Location: Quality & Safety Assessment ResearchTitle: Determination of Basic Density and Moisture Content of Loblolly Pine Wood Disks using a NIR Hyperspectral Imaging System Author
Submitted to: Journal of Near Infrared Spectroscopy
Publication Type: Peer Reviewed Journal
Publication Acceptance Date: 10/3/2011
Publication Date: 11/3/2011
Citation: Mora, C.R., Schimleck, L.R., Yoon, S.C., Thai, C.N. 2011. Determination of basic density and moisture content of loblolly pine wood disks using a NIR hyperspectral imaging system. Journal of Near Infrared Spectroscopy. Volume 19 Issue 5, Pages 401-409. Interpretive Summary: A study was conducted to investigate the potential of a hyperspectral imaging method for the estimation of two important wood properties: basic density (BD) and moisture content (MC). The objective was to determine the estimation accuracy of the hyperspectral imaging method as compared to the point-probe spectroscopic sensing method. A knowledge of both wood properties can greatly improve weight scaling of pulplogs and sawlogs and can be used to sort logs (or loads) based on quality. The study found that hyperspectral imaging can be used as a non-destructive method to measure BD and MC and has the potential for sorting wood online on a relatively large scale.

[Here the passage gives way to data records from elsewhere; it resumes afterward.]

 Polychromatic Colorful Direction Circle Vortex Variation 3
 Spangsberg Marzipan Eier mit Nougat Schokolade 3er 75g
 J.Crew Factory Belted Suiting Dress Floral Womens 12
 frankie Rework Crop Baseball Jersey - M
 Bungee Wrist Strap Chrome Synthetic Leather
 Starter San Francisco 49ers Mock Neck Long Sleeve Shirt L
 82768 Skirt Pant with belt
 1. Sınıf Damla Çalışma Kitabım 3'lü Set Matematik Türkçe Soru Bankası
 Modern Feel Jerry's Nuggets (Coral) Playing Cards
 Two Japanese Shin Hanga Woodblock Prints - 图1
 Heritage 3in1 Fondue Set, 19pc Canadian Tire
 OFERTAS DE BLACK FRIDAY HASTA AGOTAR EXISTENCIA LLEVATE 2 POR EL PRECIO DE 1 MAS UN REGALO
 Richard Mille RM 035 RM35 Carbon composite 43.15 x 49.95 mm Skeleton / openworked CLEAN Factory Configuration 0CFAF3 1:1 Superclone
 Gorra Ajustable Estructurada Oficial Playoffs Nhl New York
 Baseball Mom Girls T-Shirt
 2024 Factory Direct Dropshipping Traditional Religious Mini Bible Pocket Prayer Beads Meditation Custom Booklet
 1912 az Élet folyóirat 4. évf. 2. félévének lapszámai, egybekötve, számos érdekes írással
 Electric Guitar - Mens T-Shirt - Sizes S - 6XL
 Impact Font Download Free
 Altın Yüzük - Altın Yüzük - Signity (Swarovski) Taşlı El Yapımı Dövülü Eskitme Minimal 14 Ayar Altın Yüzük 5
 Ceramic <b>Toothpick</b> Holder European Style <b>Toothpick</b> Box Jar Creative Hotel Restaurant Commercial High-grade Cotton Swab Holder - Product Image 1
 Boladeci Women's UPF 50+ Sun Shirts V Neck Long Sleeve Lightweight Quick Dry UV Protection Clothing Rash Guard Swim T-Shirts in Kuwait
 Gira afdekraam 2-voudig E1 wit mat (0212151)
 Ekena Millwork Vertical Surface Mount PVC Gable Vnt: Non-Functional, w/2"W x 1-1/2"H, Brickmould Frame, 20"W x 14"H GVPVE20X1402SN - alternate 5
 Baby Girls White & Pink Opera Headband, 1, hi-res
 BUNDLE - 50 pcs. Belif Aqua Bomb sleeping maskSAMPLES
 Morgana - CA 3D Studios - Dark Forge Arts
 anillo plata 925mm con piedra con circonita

Technical Abstract: The use of near infrared (NIR) hyperspectral imaging for the estimation of basic density (BD) and moisture content (MC) of loblolly pine (Pinus taeda L.) disks is reported. A total of 125 wood disks ranging in age from 13 to 19 years were analysed. Hyperspectral images were collected using an imaging system composed of an InGaAs camera from Sensors Unlimited, Inc. (sensitive between 1,000 and 1,700 nm at 5 nm increments) and a Liquid Crystal Tunable Filter from CRI, Inc., continuously tunable between 1,000 and 1,800 nm. Owing to noise spectra were truncated to 1,005-1,645 nm and smoothed using a 5-point median filter prior to calibration development. Sixteen samples were detected as outliers, reducing the number of disks available for analysis to 109, which were subsequently split into calibration (85) and validation (24) sets. Successful models based on the hyperspectral data were obtained for disk basic density (R2C = 0.81) and moisture content (R2C = 0.77). The predictive ability of the calibrations was acceptable, with mean square errors (RMSEP) of 23.64 kg m-3 for BD and 2.08% for MC. The calibrations were compared to those obtained using NIR spectra collected from the surface of the disks using a FOSS XDS NIR System coupled with a Smart Probe Analyser using the same wavelength range and number of samples (each disk was represented by an average of 8 spectra which had been divided into four quadrants with two spectra collected per quadrant). Probe based calibrations were more successful; however, the hyperspectral based calibrations were of sufficient strength to suggest that hyperspectral imaging could be used for the estimation of BD and MC of loblolly pine disks.